- [Description of the task]
Return exactly the lines below, starting with the one that has "ALDI Pommes bicolores offre" and going on through the one that has "Área comum de".

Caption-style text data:
—————

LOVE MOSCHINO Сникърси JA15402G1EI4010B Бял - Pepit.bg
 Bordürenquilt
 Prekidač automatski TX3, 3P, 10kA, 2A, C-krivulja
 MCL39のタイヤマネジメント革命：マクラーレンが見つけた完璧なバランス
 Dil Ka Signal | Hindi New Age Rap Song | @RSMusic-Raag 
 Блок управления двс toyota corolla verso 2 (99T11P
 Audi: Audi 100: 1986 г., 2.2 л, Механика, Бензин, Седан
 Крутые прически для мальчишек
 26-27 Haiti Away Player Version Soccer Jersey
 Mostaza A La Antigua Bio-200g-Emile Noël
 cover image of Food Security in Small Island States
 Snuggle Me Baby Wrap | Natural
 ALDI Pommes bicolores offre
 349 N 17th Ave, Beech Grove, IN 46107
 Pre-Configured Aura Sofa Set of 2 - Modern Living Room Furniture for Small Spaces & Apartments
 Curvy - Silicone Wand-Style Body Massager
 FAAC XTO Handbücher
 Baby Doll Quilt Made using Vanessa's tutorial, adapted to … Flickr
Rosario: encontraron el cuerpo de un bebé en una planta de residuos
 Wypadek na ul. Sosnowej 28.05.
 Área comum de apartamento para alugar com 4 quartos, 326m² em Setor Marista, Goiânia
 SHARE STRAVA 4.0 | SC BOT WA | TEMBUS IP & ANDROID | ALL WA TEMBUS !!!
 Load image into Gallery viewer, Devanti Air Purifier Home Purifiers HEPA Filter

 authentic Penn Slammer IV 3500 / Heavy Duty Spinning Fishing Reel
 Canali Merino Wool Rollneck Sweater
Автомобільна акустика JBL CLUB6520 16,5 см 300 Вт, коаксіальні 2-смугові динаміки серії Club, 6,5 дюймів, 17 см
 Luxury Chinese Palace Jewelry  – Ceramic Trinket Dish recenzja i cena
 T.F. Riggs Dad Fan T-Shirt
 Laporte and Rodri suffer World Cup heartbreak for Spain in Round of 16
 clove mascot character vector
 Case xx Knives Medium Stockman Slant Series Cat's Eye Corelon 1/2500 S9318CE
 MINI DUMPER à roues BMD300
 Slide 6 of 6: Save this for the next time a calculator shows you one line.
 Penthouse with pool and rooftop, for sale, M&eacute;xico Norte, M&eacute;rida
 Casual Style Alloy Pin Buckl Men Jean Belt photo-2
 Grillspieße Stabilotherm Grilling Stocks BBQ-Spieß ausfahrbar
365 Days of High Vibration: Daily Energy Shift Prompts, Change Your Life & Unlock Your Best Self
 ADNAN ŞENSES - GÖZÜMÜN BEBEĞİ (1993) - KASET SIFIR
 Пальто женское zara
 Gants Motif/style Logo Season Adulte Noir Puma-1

—————

- [Solution to this problem]
 ALDI Pommes bicolores offre
 349 N 17th Ave, Beech Grove, IN 46107
 Pre-Configured Aura Sofa Set of 2 - Modern Living Room Furniture for Small Spaces & Apartments
 Curvy - Silicone Wand-Style Body Massager
 FAAC XTO Handbücher
 Baby Doll Quilt Made using Vanessa's tutorial, adapted to … Flickr
Rosario: encontraron el cuerpo de un bebé en una planta de residuos
 Wypadek na ul. Sosnowej 28.05.
 Área comum de apartamento para alugar com 4 quartos, 326m² em Setor Marista, Goiânia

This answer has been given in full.